Deacetylase inhibition promotes the generation and function of regulatory T cells.

Nature Medicine 13(11):1299 (2007) PMID 17922010

Histone/protein deacetylases (HDACs) regulate chromatin remodeling and gene expression as well as the functions of more than 50 transcription factors and nonhistone proteins. We found that administration of an HDAC inhibitor (HDACi) in vivo increased Foxp3 gene expression, as well as the production and suppressive function of regulatory T cells (T(reg) cells). Although T(reg) cells express multiple HDACs, HDAC9 proved particularly important in regulating Foxp3-dependent suppression. Optimal T(reg) function required acetylation of several lysines in the forkhead domain of Foxp3, and Foxp3 acetylation enhanced binding of Foxp3 to the Il2 promoter and suppressed endogenous IL-2 production.
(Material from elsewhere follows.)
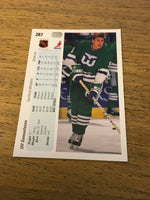 Ulf Samuelsson Whalers 1990-1991 Upper Deck #287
HDACi therapy in vivo enhanced T(reg)-mediated suppression of homeostatic proliferation, decreased inflammatory bowel disease through T(reg)-dependent effects, and, in conjunction with a short course of low-dose rapamycin, induced permanent, T(reg)-dependent cardiac and islet allograft survival and donor-specific allograft tolerance. Our data show that use of HDACi allows the beneficial pharmacologic enhancement of both the numbers and suppressive function of Foxp3(+) T(reg) cells.